On Saturday evening, Dec. 8th, we went to the Pittman Auditorium at Alverno College for "The Klezmatics Second Annual Woody Guthrie Happy Joyous Hanukkah Tour."

We got exposed to klezmer music through "Simply Folk," the wonderful, eclectic program on Wisconsin Public Radio. Through that show, I discovered Stan Rogers, the Berrymans, Greg Brown, zydeco (Beau Soleil!), lots and lots of Celtic music, and klezmer. Klezmer is the original "fusion" music. Klezmer musicians were often itinerant, travelling from town to town playing for weddings and celebrations, and, of course, as musicians will, picking up tunes and riffs whereever they went. Consequently, the archetypical klezmer song is a Russian-sounding tune, sung in Yiddish, and played at the frenetic tempo of a fast Greek dance in a wailing Mid-Eastern minor key.

That being said, The Klezmatics are to klezmer as The Chieftains are to irish music. Having an utterly solid grounding in the traditional canon, they have evolved beyond it, creating new musics and working with a wide ranging list of collaborators world wide. Part of their first set was taken up by a multi-part klezmer informed jazz piece called "Davening," which was originally written for Pilobolus Dance Theatre.

Interspersed with other traditional pieces were the Woody Guthrie songs, perhaps to the uninitiated, a most unlikely sounding collaboration. As we were told, Guthrie's second wife, Marjorie Mazia, was Jewish and the daughter of Aliza Greenblatt, an influential Yiddish poet. Therefore, the household, which included children Arlo, Nora, Cathy, and Joady, "observed all celebrations" as the band put it, and Guthrie wrote Hanukkah songs. Although he typed out the words, Guthrie did not know musical notation (he played "by ear") and so the orginal tunes were lost with his death. In 1999, Nora Guthrie brought the typescript to the Klezmatics and asked if they would write new tunes for them. The band was glad to oblige. Some of the songs, like "Hanukkah Bell," and "Hanukkah Candle," are simple and sweet.

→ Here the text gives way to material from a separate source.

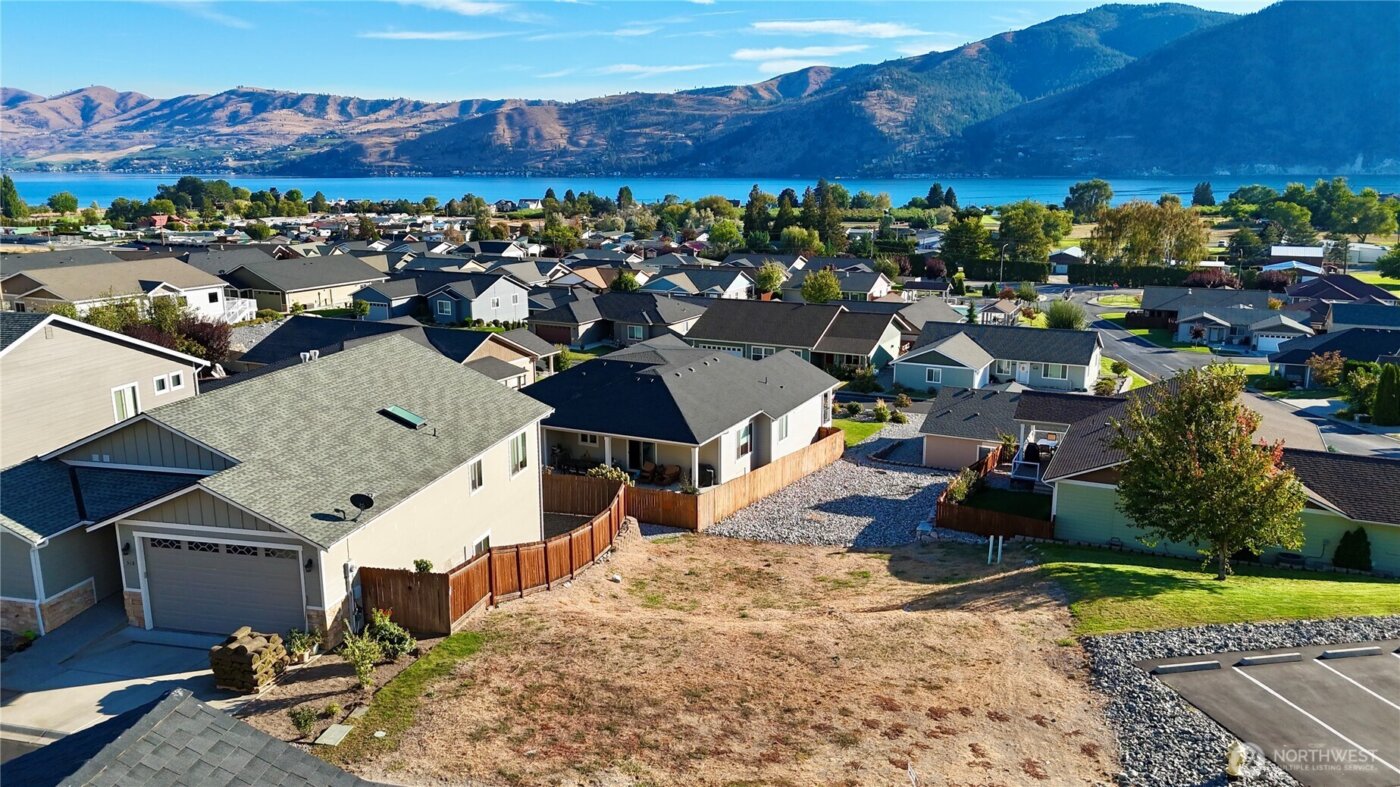 516 Village Drive , Manson, WA 98831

Others, such as "Dancing Round the Hanukkah Tree" are more sprightly and take a wry view of the combined celebration season.

We were very glad to have heard these lost gems recovered, and displayed along with a selection of Klezmatic's classics like "Manhattan Man." The band played to a full house and an audience that seemed to have enjoyed the concert as much as we did.